Ephesians 5:25: “Husbands, love your wives, even as Christ also loved the church, and gave himself up for it;” Did Jesus put our interests above his own when he went to the cross? Can you say you love your wife if you fail to put her interests above your own? Does the husband and head of the household not have to subject himself to the needs of his wife and his children? This is his responsibility even while exercising his dominion over his family. Can he believe that he loves them if he does not do this? It is his obligation to do all that he can to make them happy even if, at times, it seems this love is unrequited.
We speak to the husband’s obligations knowing that it is a good and natural thing for a woman to love and care for her husband and family. Putting their interests above her own should come naturally, and it should bring her joy to see the fruit of her love.
The Love of Our Neighbors
The parable of the Good Samaritan (Luke 10:29-37) defines our “neighbors” to be all people we will ever come in contact with. We are all brothers and sisters in a physical sense, and thus, for us to draw racial or nationalistic distinctions is an abomination to God. God does not favor any one race or nationality over another; He is not a respecter of persons (Acts 10:34; Romans 2:11; Ephesians 6:9; Colossians 3:25; James 2:1, 9; 1 Peter 1:17) – few doctrines in the New Testament are stated this often, and apparently we all need to be reminded of it often.

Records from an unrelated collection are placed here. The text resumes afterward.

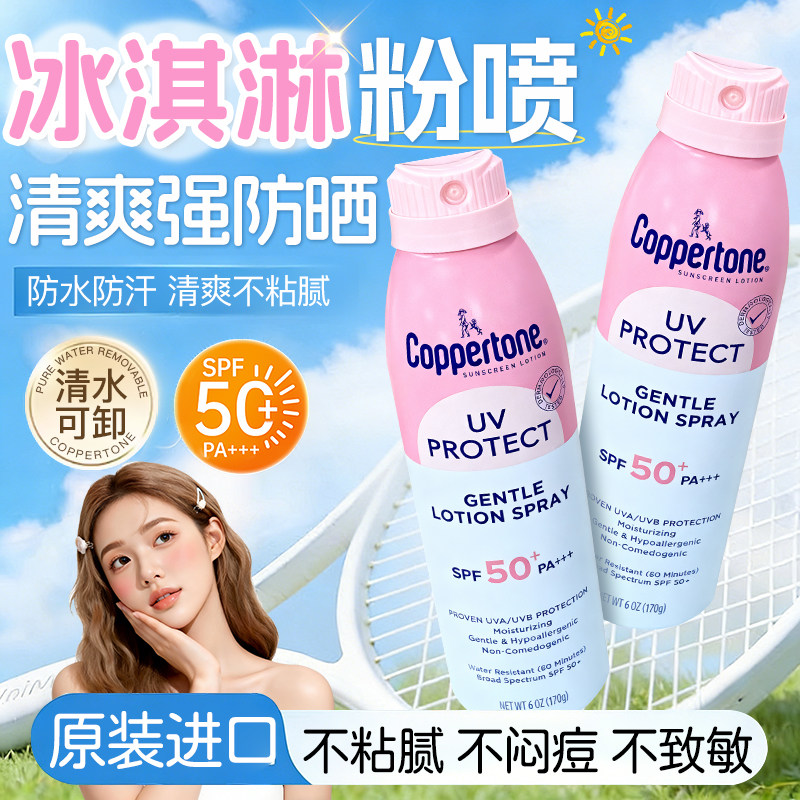 Coppertone水宝宝防晒喷雾全身专用户外海边防水防汗正品确美同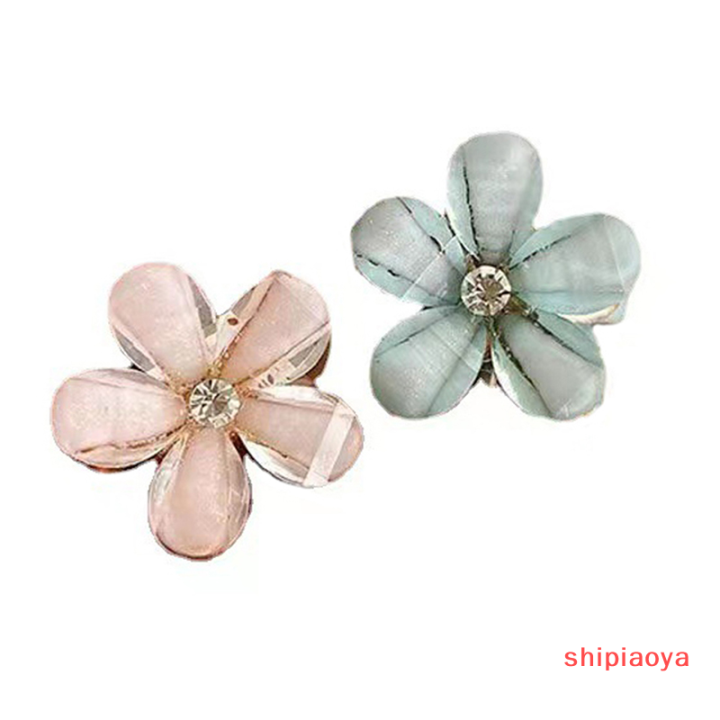 shipiaoya-เซ็ต4ชิ้นแฟชั่นใหม่ล่าสุดกิ๊บหนีบผมรูปดอกไม้ขนาดเล็กเครื่องประดับผมผมหางม้ากิ๊บติดผมม้าสาวแฟชั่นน่ารักของขวัญเครื่องประดับศีรษะดอกไม้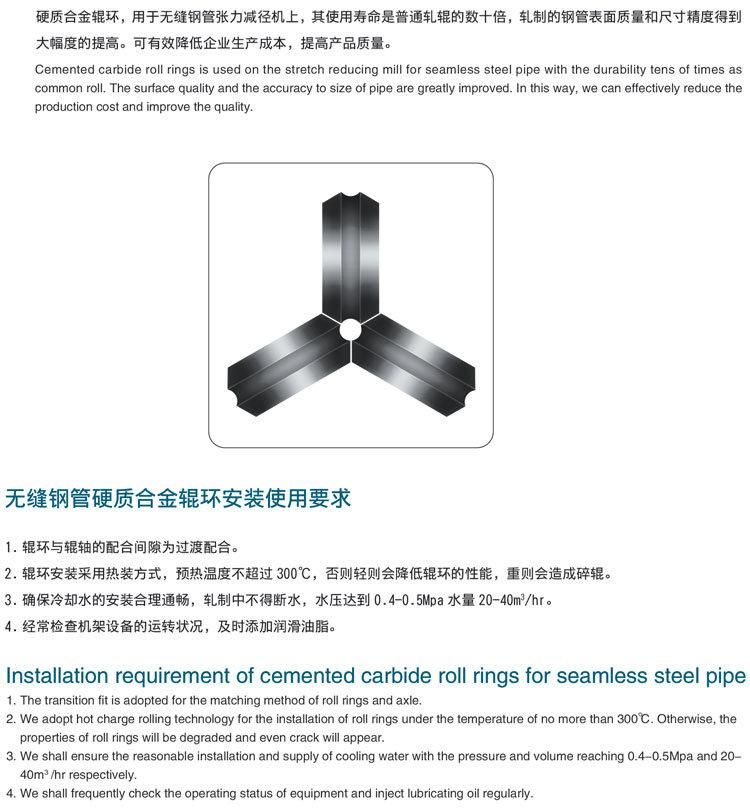 Cemented Carbide Roller Rings Used on Stretch Reducing Mill for Seamless Steel Pipes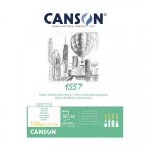 Papier a dessin extra - blanc - a3 (29, 7x42cm) - 120g / m2 - bloc de 50 pages - 1557 sketch canson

1 John 4:20-21: “If a man say, I love God, and hates his brother, he is a liar: for he that loves not his brother whom he hath seen, cannot love God whom he hath not seen. And this commandment have we from him, that he who loves God love his brother also.”
So, in fact, loving those around us is a primary way that we show our love for God: first, because God commanded it, but also because they are God’s creation and God loves them without discrimination of any kind. How do we put their best interests above our own? First, by being the type of example that will lead them to Christ if they are at all willing to follow, for their souls are more precious than anything else. But it also involves our helping them as best we can in physical ways ...
Galatians 6:9-10: “And let us not be weary in well-doing: for in due season we shall reap, if we faint not. So then, as we have opportunity, let us work that which is good toward all men, and especially toward them that are of the household of the faith.”
Please review the beautiful aspects of love given in 1 Corinthians 13.